The above title does not represent an insolent new deputy editor being abusive to the BJGP readership, but a quotation from one of the elder statesmen of UK general practice. A previous chair of the RCGP and NICE, David Haslam spoke about his four rules: Shut Up, Listen, Do Something Useful, and Care. These rules are oft quoted, including in BJGP Life articles.1
This month’s theme is continuity and communication. Listening, communication, even continuity can be difficult in the noisy maelstrom of pandemic practice. And when we make successful contact with others, good communication can expose disagreements, differences in values, as well as unrealistic or just plain difficult expectations.
A lack of visibility can make it harder to be heard and easier to ignore. Media images of mask-wearing healthcare staff rarely depict primary care. As it stands, it feels as if GPs have been judged ‘in pseudo-absentia’. Sati Heer-Stavert calls us all to action, after a patient asks him, in a face-to-face appointment, when general practice plans to reopen.2
When an article in the Financial Times 3 appeared to suggest that family doctors may no longer be needed, Nick Berry responded. Galvanised by an unsatisfactory encounter with general practice, the journalist said the two roles of a GP are to be a trusted face and a gatekeeper to a rationed system. Berry argues in response that the role of a GP is, in fact, to deliver the vast majority of the country’s health care.4
For many, long COVID is an illness that is still invisible. Those affected may not have obvious external stigmata but may be profoundly affected, and GPs have important roles of continuity and referral. Nicola Spiers reviews the current evidence.5 The UK is world leading in having two large high-quality prevalence studies of COVID-19 (but this advantage is thrown away when politicians fail to listen to the findings). Listening to others, be they journalists, politicians, or even hospital colleagues can expose disagreements. Bhupinder Goraya invites us to treat disagreement with kindness in a spirit of appreciative enquiry.6
Two articles this month concern how we receive and transmit learning. ‘Knowledge work’ is the work that clinicians do to find, create, and use knowledge in everyday clinical practice. Annabelle Machin and her colleagues explain the role of the WISDOM project.7 And sometimes we need images to help us recognise useful phenomena. Have you ever looked at a cloud and seen an amusing likeness? This phenomenon is known as pareidolia. Laura Amarin and Camille Gajria tell us more about pareidolia in medicine.8 Pareidolia has been intentionally used in radiology and pathology education. Educators take advantage of people’s tendency to pareidolia to train students in detecting signal in noise, and pattern recognition. Can you think of any primary care examples? BJGP Life awaits your work!
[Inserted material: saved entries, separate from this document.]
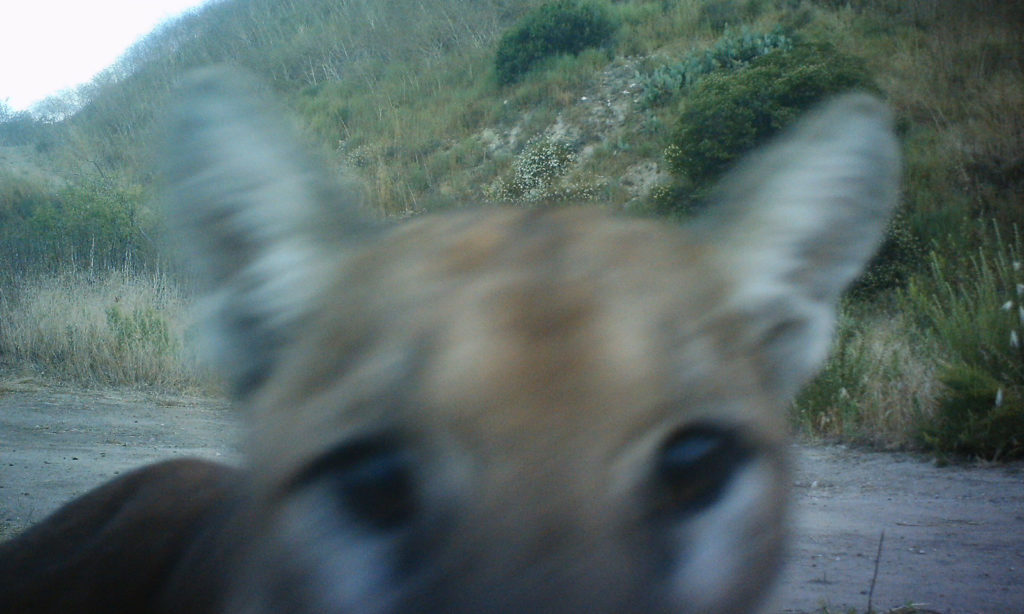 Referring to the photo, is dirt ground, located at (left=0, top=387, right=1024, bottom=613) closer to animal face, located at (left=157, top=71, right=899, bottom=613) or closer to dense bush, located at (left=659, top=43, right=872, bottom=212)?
animal face, located at (left=157, top=71, right=899, bottom=613)

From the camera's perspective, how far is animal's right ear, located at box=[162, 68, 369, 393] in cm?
163

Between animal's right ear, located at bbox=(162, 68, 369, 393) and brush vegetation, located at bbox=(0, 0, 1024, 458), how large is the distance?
164cm

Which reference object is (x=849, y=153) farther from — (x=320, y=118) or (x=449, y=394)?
(x=320, y=118)

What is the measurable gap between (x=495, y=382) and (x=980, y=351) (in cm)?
588

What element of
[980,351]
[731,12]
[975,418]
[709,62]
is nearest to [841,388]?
[980,351]

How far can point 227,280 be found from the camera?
65.2 inches

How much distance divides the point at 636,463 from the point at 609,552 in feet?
0.48

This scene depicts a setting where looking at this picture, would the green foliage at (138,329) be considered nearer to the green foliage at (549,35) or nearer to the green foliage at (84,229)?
the green foliage at (84,229)

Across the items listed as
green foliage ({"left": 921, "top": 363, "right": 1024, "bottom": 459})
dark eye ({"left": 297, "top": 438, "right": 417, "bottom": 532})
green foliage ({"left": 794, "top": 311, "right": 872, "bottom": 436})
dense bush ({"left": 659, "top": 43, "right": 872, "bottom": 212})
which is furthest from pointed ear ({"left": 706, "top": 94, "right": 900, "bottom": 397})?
green foliage ({"left": 794, "top": 311, "right": 872, "bottom": 436})

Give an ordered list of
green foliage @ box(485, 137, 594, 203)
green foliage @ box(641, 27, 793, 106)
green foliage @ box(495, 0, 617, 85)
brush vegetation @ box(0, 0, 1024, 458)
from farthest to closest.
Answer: green foliage @ box(495, 0, 617, 85) < green foliage @ box(641, 27, 793, 106) < green foliage @ box(485, 137, 594, 203) < brush vegetation @ box(0, 0, 1024, 458)

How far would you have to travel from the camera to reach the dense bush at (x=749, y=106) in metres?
6.46

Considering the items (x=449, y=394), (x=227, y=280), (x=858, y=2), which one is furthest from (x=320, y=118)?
(x=858, y=2)

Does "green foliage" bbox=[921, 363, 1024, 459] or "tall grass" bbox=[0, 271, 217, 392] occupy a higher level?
"tall grass" bbox=[0, 271, 217, 392]

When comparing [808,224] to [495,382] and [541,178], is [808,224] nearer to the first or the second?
[495,382] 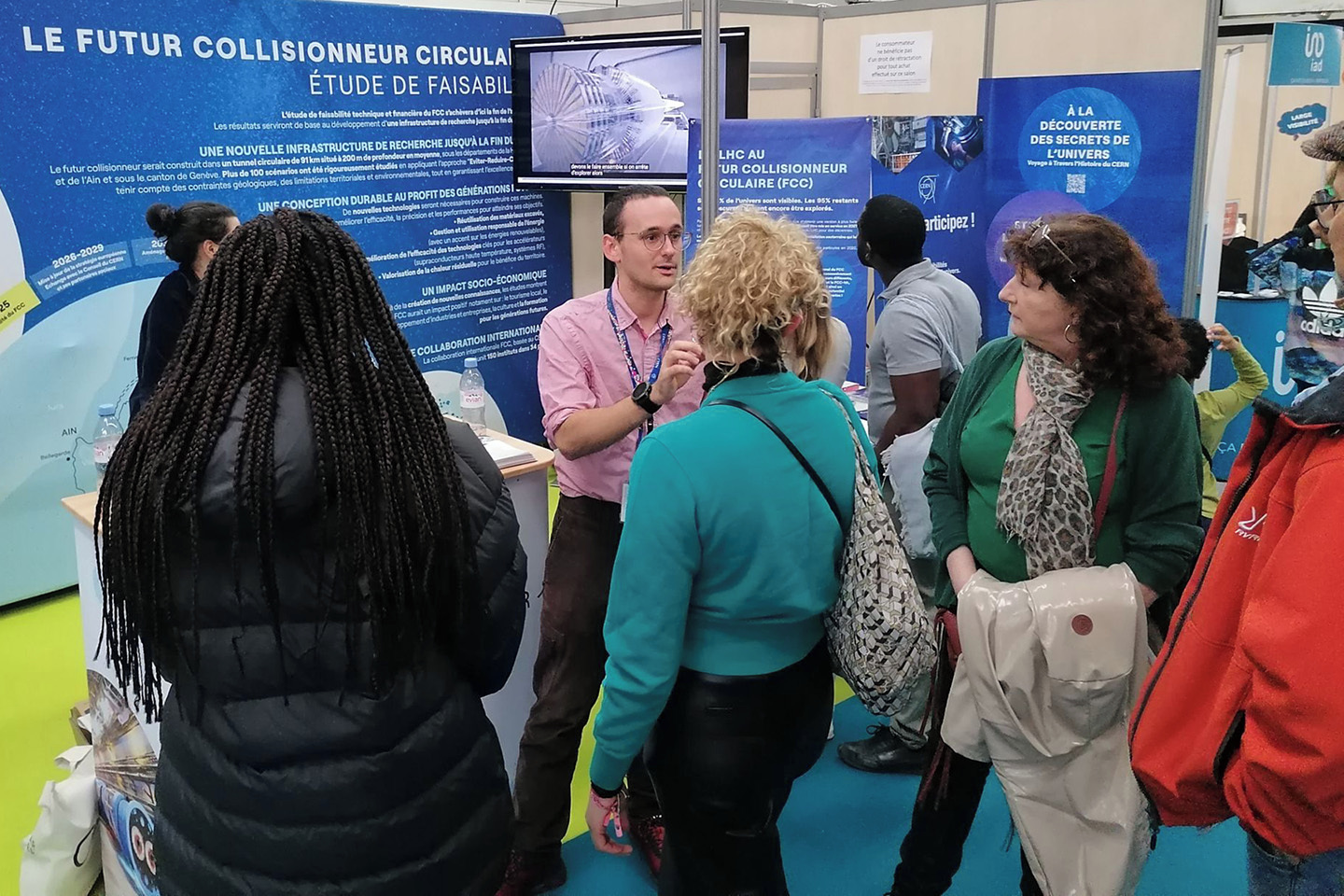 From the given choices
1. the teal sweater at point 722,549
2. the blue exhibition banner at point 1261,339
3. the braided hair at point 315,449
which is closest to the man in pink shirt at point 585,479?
the teal sweater at point 722,549

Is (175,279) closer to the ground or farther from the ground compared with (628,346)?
farther from the ground

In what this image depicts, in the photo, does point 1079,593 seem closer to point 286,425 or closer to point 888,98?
point 286,425

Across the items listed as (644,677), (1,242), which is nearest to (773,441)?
(644,677)

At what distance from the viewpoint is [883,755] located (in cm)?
293

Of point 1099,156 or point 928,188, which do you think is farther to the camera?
point 928,188

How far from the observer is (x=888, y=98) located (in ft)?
13.6

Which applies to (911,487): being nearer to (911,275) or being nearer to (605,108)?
(911,275)

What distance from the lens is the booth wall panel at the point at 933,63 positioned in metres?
3.87

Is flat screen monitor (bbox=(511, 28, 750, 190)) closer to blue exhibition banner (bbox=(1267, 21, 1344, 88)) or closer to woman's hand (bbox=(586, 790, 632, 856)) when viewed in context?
blue exhibition banner (bbox=(1267, 21, 1344, 88))

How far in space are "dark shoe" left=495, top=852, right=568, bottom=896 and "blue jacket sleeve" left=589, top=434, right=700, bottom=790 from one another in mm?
939

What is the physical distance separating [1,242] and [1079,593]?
3.68 metres

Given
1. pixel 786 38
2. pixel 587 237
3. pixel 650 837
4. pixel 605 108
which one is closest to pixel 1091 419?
pixel 650 837

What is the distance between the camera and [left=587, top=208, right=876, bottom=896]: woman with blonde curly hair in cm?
150

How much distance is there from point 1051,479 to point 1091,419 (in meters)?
0.13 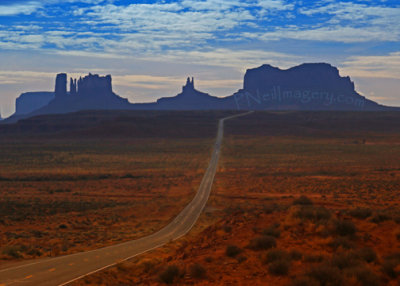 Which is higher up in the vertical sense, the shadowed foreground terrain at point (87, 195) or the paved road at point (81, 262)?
the paved road at point (81, 262)

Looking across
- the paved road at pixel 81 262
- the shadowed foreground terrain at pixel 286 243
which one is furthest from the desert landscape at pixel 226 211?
the paved road at pixel 81 262

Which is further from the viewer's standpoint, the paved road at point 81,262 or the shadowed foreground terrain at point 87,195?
the shadowed foreground terrain at point 87,195

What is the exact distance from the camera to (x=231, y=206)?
1134 inches

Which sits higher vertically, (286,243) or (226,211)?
(286,243)

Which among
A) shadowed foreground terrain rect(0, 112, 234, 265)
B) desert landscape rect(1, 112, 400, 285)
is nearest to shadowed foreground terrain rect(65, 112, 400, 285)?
desert landscape rect(1, 112, 400, 285)

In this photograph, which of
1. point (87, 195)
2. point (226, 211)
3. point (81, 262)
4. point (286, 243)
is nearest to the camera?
point (286, 243)

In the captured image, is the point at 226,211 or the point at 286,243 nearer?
the point at 286,243

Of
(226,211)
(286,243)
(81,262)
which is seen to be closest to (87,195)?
(226,211)

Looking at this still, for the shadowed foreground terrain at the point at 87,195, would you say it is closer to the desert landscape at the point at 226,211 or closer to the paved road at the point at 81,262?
the desert landscape at the point at 226,211

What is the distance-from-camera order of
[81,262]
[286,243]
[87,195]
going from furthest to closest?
[87,195] < [81,262] < [286,243]

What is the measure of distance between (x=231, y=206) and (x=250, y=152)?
145 ft

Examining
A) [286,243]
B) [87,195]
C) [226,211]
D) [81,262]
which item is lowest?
[87,195]

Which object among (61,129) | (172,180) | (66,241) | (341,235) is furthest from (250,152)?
(61,129)

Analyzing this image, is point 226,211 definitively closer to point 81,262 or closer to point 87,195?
point 87,195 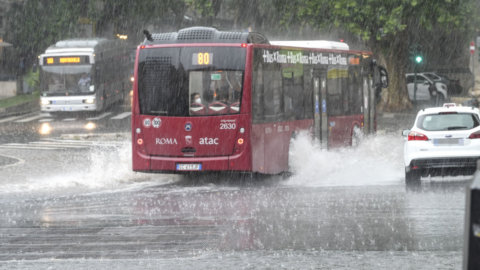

Are we listening to our older patients? Madge McClary speaks out for a generation and articulates dismissive attitudes: ‘On a recent visit to my GP’s practice I was summoned by my first name only and thereafter this was substituted by “dear” and “sweetheart” ... I was not asked how I preferred to be addressed.’ 9
GPs involved in teaching undergraduate and postgraduate communications skills around the country still have a role in promoting respectful communication that is not lost when work pressure builds.
Reviews this issue look at the phenomenon of ‘bullshit jobs’,10 and the legal and social background to telemedical early medical abortion.11 These clearly have something to tell us about our work environments, if we care to listen.
‘Shut up and listen,’ encapsulates two duties when GPs aspire to be the advocate for the patient in front of them and patients in general: it is a duty to hear what the patient, the data, and society are saying, but it is also the duty to speak so as to be heard.